* _Your instructions_:
Copy out exactly the lines from the one containing "Ouverture de baignoire" through the end of the records, and no pictures.

(Beginning of Task material)

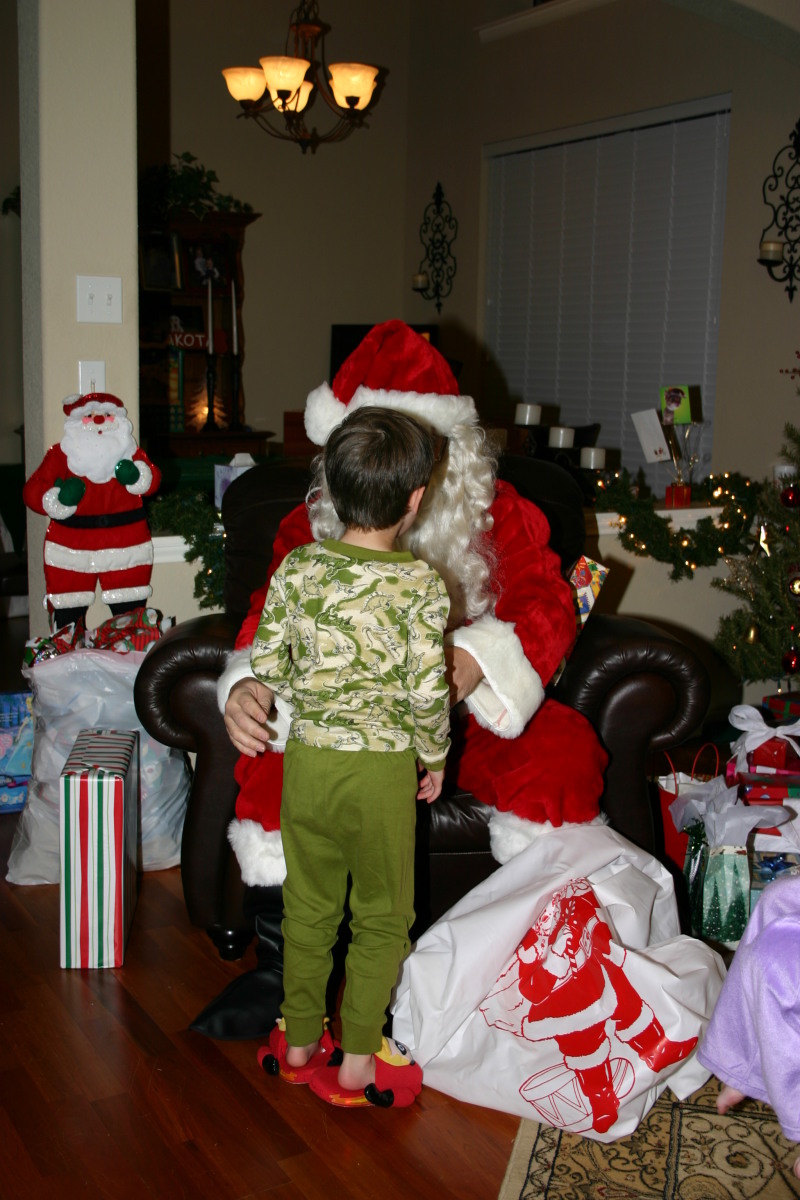 2005/12(December)/Christmas-Eve/800x600_2005-12-24-Christmas-Eve-41-Santa-Dax.JPG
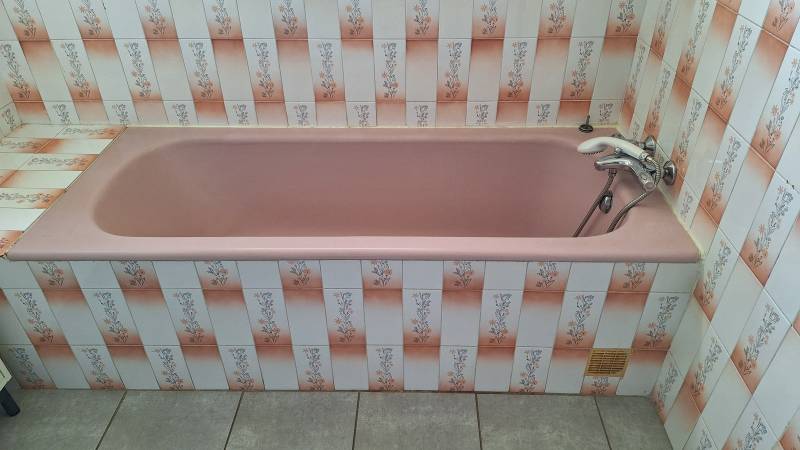 Ouverture de baignoire SOLUTION 2 avec accessoires médicalisés à Six-fours les plages 83140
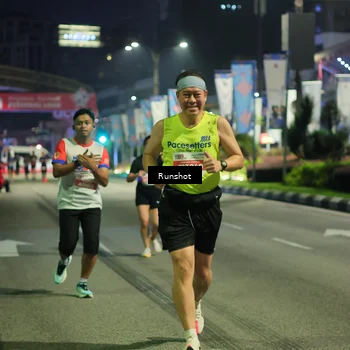 Runner Photo 4965875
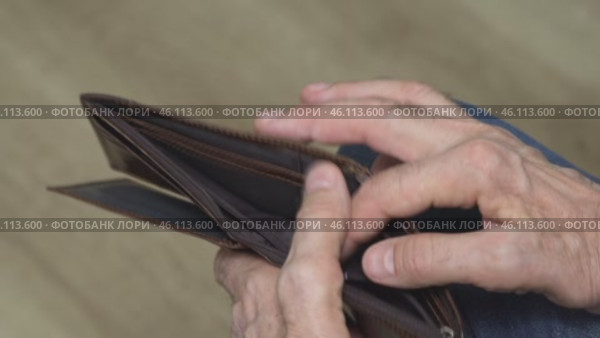 An elderly man with an empty wallet symbolizing financial difficulties. Стоковое видео, видеограф Владимир Федоров / Фотобанк Лори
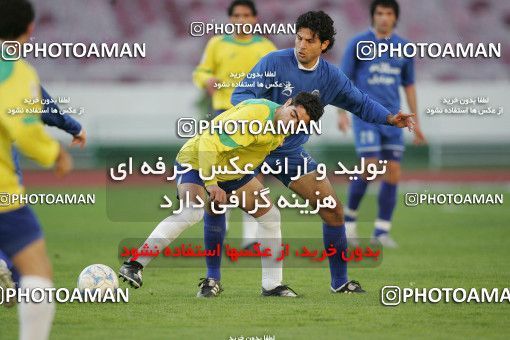 1574482, Tehran, , لیگ برتر فوتبال ایران، Persian Gulf Cup، Week 21، Second Leg، Rah Ahan 1 v 2 Esteghlal on 2006/02/06 at Azadi Stadium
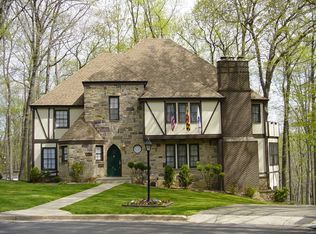 126 Chautaugua Rd, Arnold, MD 21012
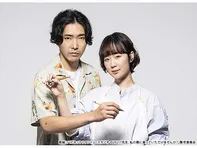 先生、私の隣に座っていただけませんか？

(End of Task material)

* _Answer for the task_:
 Ouverture de baignoire SOLUTION 2 avec accessoires médicalisés à Six-fours les plages 83140
 Runner Photo 4965875
 An elderly man with an empty wallet symbolizing financial difficulties. Стоковое видео, видеограф Владимир Федоров / Фотобанк Лори
 1574482, Tehran, , لیگ برتر فوتبال ایران، Persian Gulf Cup، Week 21، Second Leg، Rah Ahan 1 v 2 Esteghlal on 2006/02/06 at Azadi Stadium
 126 Chautaugua Rd, Arnold, MD 21012
 先生、私の隣に座っていただけませんか？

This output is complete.